A few weeks after her release from prison, Herrera told NBC-6 Miami, “anything I do from now on is on a positive light. Not no more of the Kat Stacks ways.”

Inspired by her experience with jail time and the legal system, Stacks's more recently harnessed her Twitter following (more than 250,000 under her Stacks persona) to mobilize support for undocumented youth in the United States.

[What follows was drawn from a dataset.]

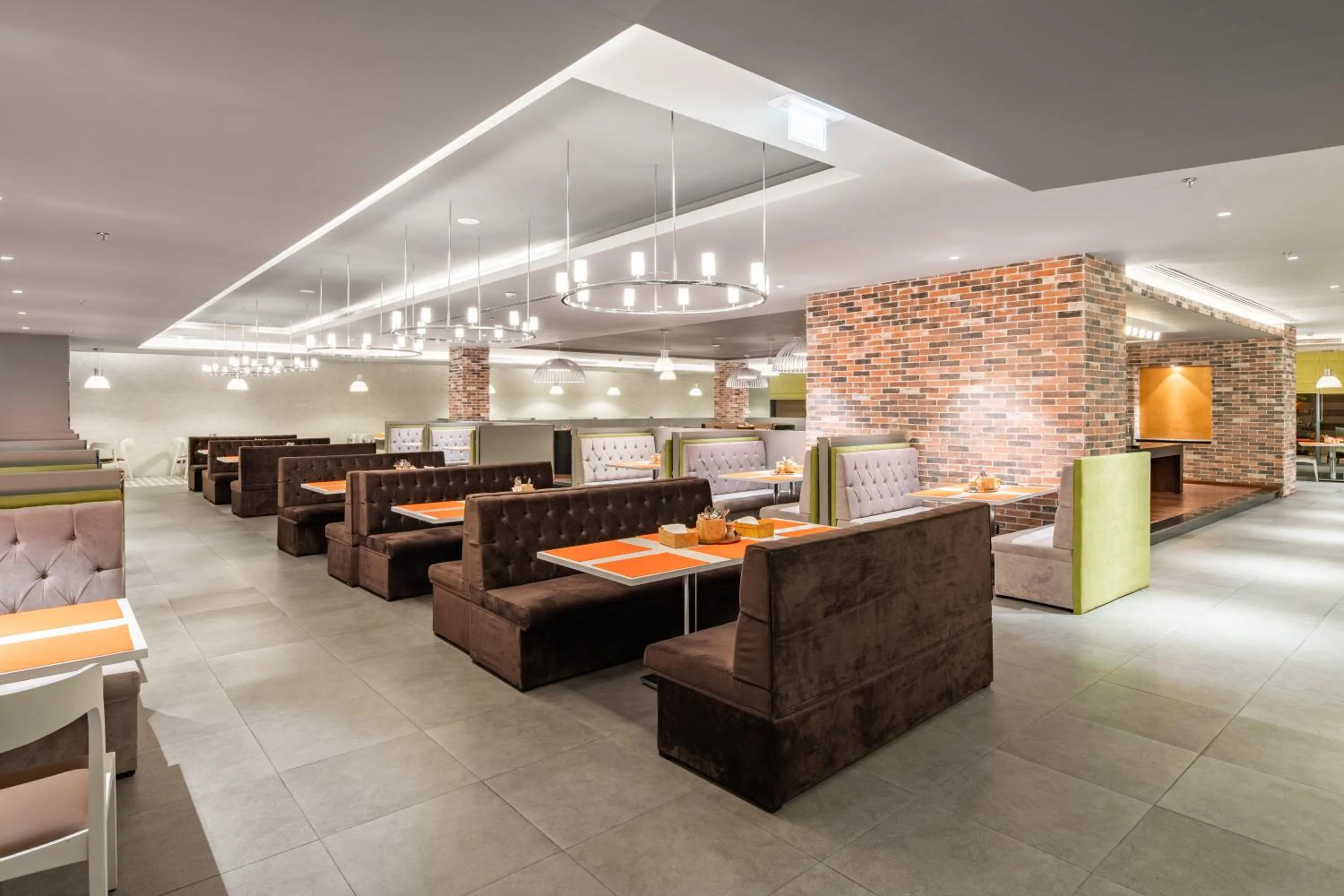 Restaurant/places to eat in Radisson Hotel & Apartments Dammam Industrial City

Herrera took to social media during the most recent DREAM Act discussion organized by Dreamactivist.org on Twitter, where she shared her story about being arrested and detained in a Louisiana immigration detention center, he battle with the human trafficking trade, and about her recent pivot toward DREAM advocacy work.

"Andrea, has a huge following from an area that is very non traditional to us," organizer Juan Escalante told Campus Progress. "And due to that large following we decided to host this as a way to give her a space and bridge that gap."

Herrera told NBC-6 Miami she wants to get her GED diploma and continue on to higher education in order to eventually counsel young women going through early life struggles. 



 

Melissa Adan is a reporter for Campus Progress.